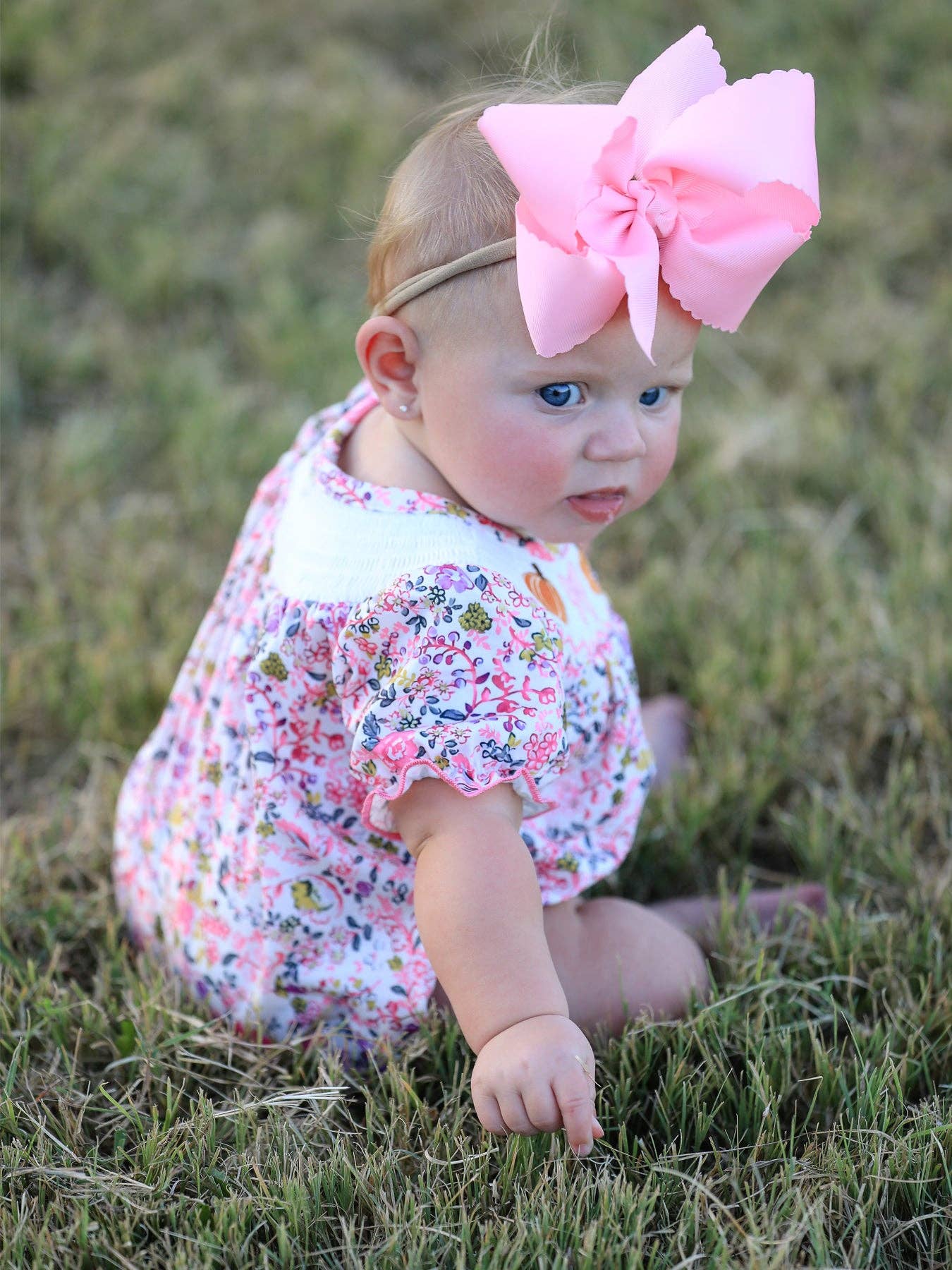 Pumpkin Floral Smocking Romper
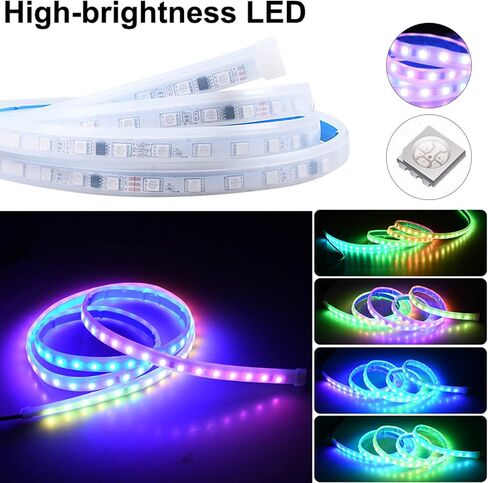 Jushope 71 Inches Car Hood LED Light Strips, Car Exterior Lights with Dreamcolor Chasing, Flexible RGB Daytime Running Light with Wireless APP and Remote Control, Waterproof LED Headlights for Car in Kuwait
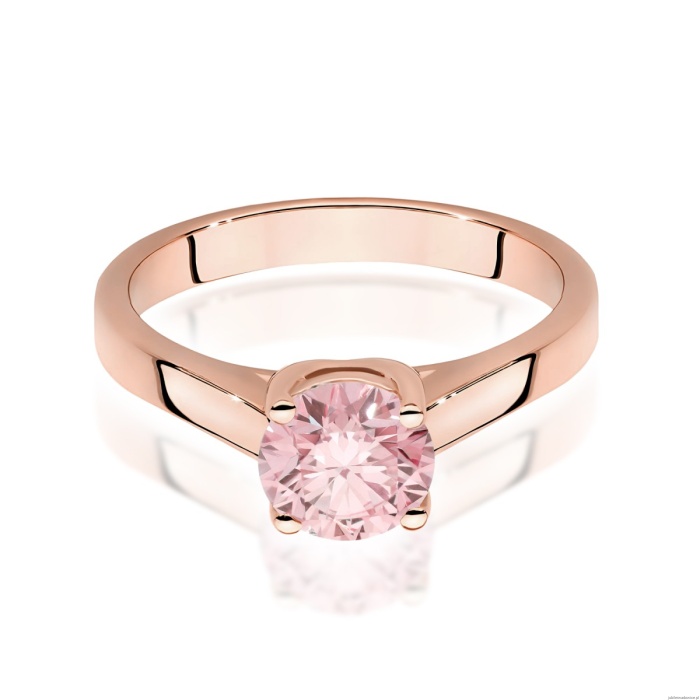 Pierścionek W0544 Diament Laboratoryjny różowy 1,00ct różowe złoto
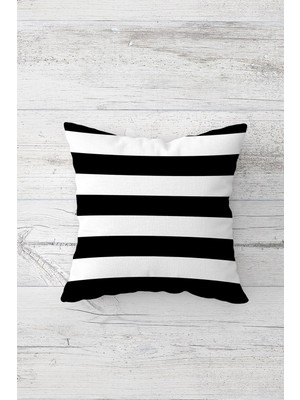 Pelangi Kalın Siyah Şerit Çift Tarafı Baskılı Gizli Fermuarlı Yastık Kılıfı Kırlent Koltuk Yastık Kılıfı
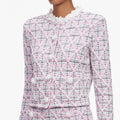 Pink Check Knit Cardigan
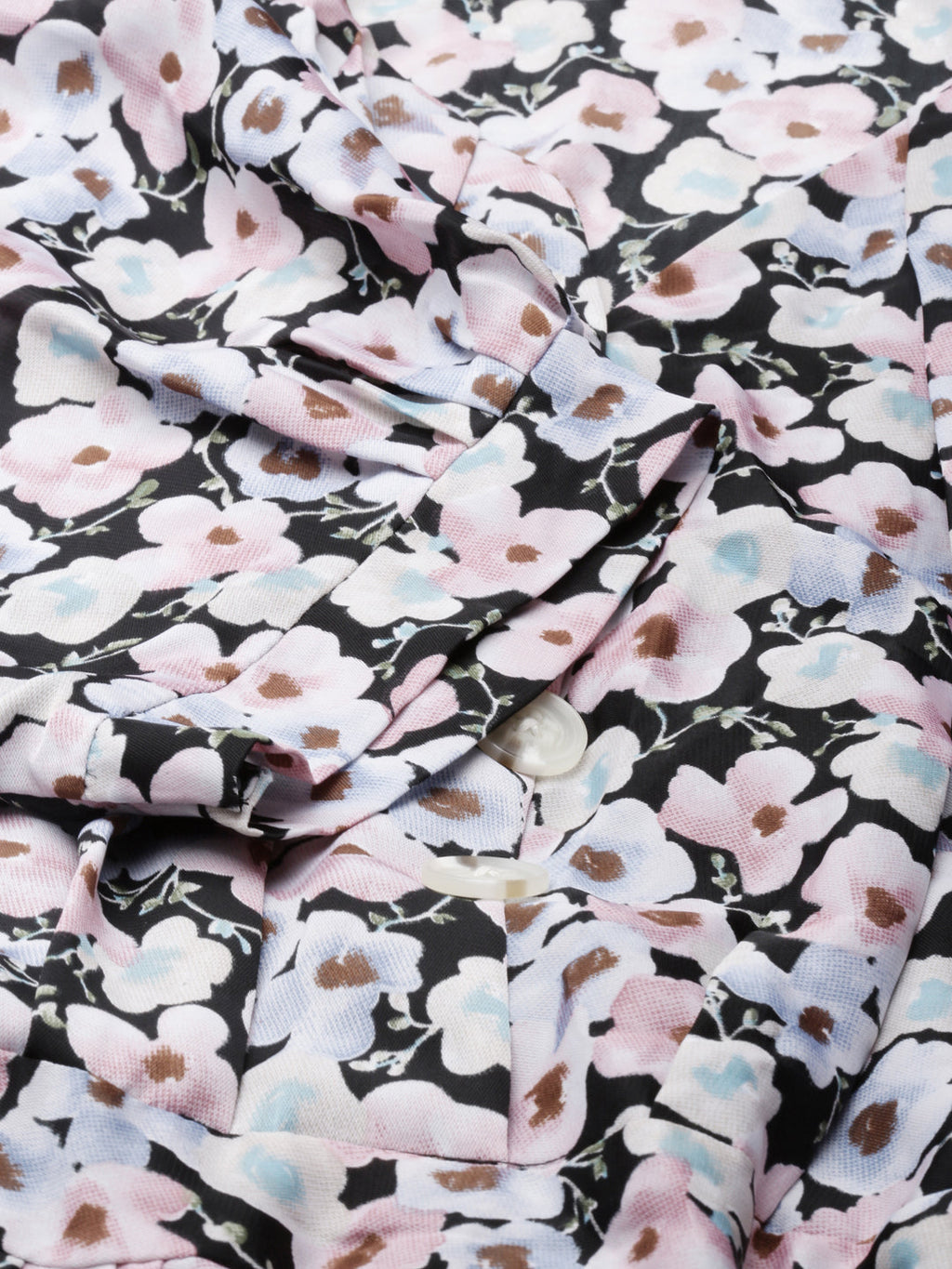 Women's Multi Floral Printed Puff Sleeve Fit & Flare Midi Dress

_WHAT IS BEING ASKED_:
Give the entries above again word for word, without the pictures.

_SOLUTION TO THE PROBLEM_:
 Pumpkin Floral Smocking Romper
 Jushope 71 Inches Car Hood LED Light Strips, Car Exterior Lights with Dreamcolor Chasing, Flexible RGB Daytime Running Light with Wireless APP and Remote Control, Waterproof LED Headlights for Car in Kuwait
 Pierścionek W0544 Diament Laboratoryjny różowy 1,00ct różowe złoto
 Pelangi Kalın Siyah Şerit Çift Tarafı Baskılı Gizli Fermuarlı Yastık Kılıfı Kırlent Koltuk Yastık Kılıfı
 Pink Check Knit Cardigan
 Women's Multi Floral Printed Puff Sleeve Fit & Flare Midi Dress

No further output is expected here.